Saved data entries =
^^^^^^^^
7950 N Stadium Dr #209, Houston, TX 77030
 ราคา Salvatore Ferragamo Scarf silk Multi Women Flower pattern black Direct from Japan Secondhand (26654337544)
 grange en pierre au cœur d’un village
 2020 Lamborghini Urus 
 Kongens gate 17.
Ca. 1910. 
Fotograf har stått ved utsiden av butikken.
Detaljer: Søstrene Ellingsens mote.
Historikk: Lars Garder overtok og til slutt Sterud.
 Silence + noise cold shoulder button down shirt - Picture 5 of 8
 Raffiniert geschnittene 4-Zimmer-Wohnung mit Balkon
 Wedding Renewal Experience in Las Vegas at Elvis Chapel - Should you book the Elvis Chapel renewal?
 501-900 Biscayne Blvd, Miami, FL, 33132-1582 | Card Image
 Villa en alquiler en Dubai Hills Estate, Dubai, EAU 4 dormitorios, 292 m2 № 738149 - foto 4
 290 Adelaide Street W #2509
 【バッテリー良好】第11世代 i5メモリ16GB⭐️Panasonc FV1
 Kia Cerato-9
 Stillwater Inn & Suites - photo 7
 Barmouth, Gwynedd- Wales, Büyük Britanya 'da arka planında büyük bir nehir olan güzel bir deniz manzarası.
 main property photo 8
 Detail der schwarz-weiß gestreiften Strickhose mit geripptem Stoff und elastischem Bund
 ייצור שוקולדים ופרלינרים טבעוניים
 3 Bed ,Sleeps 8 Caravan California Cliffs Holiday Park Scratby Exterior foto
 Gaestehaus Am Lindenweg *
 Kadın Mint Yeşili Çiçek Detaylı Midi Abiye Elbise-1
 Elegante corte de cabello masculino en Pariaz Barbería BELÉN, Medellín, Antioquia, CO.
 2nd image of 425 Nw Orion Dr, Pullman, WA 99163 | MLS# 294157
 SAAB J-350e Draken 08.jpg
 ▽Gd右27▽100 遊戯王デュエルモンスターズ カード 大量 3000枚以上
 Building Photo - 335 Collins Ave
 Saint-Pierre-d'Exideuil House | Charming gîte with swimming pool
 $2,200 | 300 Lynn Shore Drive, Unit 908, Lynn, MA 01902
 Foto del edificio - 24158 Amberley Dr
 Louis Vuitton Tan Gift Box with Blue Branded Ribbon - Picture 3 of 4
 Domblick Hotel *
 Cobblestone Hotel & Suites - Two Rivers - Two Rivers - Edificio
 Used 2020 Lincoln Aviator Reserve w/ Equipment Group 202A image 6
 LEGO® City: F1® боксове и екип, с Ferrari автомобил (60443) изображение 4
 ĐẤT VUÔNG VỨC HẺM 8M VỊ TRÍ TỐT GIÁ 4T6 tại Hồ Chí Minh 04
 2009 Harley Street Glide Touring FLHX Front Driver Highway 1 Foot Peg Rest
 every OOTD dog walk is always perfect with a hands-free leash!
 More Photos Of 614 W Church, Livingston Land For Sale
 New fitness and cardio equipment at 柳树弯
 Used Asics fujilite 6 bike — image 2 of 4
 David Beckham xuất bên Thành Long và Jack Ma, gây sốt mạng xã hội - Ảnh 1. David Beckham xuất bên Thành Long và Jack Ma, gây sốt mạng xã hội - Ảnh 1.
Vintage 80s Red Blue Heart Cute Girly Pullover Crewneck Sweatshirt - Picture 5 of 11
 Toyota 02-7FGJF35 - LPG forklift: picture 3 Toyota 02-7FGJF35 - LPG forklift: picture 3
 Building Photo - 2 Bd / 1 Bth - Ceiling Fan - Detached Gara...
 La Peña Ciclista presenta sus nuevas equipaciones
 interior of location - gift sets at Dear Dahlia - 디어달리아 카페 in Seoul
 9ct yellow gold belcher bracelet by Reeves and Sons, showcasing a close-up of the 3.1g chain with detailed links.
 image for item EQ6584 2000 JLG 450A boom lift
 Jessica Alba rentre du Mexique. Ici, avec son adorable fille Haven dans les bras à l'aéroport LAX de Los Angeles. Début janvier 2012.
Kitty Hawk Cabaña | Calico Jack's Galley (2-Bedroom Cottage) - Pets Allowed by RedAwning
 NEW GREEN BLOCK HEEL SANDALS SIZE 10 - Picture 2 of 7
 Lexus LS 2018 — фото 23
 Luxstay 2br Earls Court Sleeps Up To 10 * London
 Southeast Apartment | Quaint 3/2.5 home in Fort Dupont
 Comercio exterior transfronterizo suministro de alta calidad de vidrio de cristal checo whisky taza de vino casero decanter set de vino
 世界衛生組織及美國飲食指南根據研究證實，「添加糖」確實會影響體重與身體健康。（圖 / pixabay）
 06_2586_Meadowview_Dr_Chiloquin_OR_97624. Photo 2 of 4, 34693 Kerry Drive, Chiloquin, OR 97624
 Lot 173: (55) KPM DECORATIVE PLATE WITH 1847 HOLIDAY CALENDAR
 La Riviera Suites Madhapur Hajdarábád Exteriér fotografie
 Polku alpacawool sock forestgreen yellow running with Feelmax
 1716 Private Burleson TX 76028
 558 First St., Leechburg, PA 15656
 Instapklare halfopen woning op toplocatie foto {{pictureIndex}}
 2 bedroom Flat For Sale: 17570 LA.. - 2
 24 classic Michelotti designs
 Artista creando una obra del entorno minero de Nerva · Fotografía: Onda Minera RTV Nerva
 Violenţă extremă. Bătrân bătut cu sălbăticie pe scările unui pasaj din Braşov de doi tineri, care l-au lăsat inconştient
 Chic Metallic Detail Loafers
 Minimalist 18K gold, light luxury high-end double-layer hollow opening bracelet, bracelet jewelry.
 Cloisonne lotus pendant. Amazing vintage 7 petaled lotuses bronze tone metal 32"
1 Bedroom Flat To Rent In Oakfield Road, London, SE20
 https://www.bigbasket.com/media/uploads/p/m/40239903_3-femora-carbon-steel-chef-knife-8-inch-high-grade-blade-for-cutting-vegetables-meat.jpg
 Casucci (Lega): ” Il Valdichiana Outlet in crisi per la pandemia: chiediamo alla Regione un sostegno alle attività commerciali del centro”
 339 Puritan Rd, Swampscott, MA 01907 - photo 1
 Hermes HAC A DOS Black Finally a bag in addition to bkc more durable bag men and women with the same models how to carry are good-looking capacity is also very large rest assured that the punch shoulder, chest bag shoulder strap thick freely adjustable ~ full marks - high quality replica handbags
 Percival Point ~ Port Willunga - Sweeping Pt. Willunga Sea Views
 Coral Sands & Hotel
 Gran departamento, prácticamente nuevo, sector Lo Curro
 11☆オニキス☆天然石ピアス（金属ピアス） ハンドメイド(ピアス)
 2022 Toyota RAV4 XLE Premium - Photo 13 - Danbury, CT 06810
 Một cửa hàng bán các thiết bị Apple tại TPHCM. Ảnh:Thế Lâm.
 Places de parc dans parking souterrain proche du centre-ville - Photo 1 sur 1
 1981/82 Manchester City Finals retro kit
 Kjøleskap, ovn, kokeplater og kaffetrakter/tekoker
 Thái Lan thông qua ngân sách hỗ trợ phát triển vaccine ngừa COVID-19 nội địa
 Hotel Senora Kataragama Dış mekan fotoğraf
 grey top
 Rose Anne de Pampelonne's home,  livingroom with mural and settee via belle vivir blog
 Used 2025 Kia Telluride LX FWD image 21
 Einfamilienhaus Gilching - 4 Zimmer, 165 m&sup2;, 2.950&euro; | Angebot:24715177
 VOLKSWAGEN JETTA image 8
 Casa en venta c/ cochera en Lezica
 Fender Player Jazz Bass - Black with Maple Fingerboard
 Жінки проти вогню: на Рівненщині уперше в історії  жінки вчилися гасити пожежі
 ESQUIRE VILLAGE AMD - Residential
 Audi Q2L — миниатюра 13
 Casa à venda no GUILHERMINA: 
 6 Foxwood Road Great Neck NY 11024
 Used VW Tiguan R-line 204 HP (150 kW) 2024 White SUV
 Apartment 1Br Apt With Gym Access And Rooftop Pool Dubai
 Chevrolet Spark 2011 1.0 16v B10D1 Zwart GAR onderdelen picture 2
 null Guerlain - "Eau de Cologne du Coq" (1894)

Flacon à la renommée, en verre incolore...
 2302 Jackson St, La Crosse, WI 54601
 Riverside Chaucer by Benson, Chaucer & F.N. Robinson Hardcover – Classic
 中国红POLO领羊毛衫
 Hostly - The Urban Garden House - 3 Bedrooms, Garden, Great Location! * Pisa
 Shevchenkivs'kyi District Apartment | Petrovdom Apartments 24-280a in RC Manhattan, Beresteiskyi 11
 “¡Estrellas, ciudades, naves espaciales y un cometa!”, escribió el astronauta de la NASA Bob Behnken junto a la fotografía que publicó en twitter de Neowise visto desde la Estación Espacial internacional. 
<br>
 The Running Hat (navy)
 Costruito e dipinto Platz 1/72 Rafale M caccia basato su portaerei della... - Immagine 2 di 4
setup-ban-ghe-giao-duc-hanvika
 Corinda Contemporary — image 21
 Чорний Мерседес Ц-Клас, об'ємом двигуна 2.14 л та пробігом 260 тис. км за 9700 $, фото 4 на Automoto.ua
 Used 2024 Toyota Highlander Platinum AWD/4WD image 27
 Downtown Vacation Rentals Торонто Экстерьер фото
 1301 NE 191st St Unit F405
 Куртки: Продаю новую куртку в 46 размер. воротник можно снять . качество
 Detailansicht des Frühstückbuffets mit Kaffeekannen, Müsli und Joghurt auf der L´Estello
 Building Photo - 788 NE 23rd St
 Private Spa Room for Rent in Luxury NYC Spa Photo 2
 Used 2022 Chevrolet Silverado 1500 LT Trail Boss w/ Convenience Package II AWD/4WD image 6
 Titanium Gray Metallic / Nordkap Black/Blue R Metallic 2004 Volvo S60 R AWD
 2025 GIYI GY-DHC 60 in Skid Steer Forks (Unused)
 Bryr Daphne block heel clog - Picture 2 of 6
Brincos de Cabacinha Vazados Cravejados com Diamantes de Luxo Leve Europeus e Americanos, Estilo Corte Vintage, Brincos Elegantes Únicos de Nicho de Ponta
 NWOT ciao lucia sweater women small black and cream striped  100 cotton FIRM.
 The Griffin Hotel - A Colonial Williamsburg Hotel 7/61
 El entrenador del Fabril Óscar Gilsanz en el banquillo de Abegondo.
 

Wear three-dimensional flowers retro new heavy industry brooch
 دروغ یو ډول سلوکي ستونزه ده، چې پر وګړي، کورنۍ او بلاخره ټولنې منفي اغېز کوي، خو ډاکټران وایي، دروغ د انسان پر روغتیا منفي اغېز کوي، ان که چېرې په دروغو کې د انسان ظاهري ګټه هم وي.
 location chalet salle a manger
^^^^^^^^
Reproduce verbatim the lines above, from the line with "Costruito e dipinto" through the line with "Brincos de Cabacinha".

Written reply =
 Costruito e dipinto Platz 1/72 Rafale M caccia basato su portaerei della... - Immagine 2 di 4
setup-ban-ghe-giao-duc-hanvika
 Corinda Contemporary — image 21
 Чорний Мерседес Ц-Клас, об'ємом двигуна 2.14 л та пробігом 260 тис. км за 9700 $, фото 4 на Automoto.ua
 Used 2024 Toyota Highlander Platinum AWD/4WD image 27
 Downtown Vacation Rentals Торонто Экстерьер фото
 1301 NE 191st St Unit F405
 Куртки: Продаю новую куртку в 46 размер. воротник можно снять . качество
 Detailansicht des Frühstückbuffets mit Kaffeekannen, Müsli und Joghurt auf der L´Estello
 Building Photo - 788 NE 23rd St
 Private Spa Room for Rent in Luxury NYC Spa Photo 2
 Used 2022 Chevrolet Silverado 1500 LT Trail Boss w/ Convenience Package II AWD/4WD image 6
 Titanium Gray Metallic / Nordkap Black/Blue R Metallic 2004 Volvo S60 R AWD
 2025 GIYI GY-DHC 60 in Skid Steer Forks (Unused)
 Bryr Daphne block heel clog - Picture 2 of 6
Brincos de Cabacinha Vazados Cravejados com Diamantes de Luxo Leve Europeus e Americanos, Estilo Corte Vintage, Brincos Elegantes Únicos de Nicho de Ponta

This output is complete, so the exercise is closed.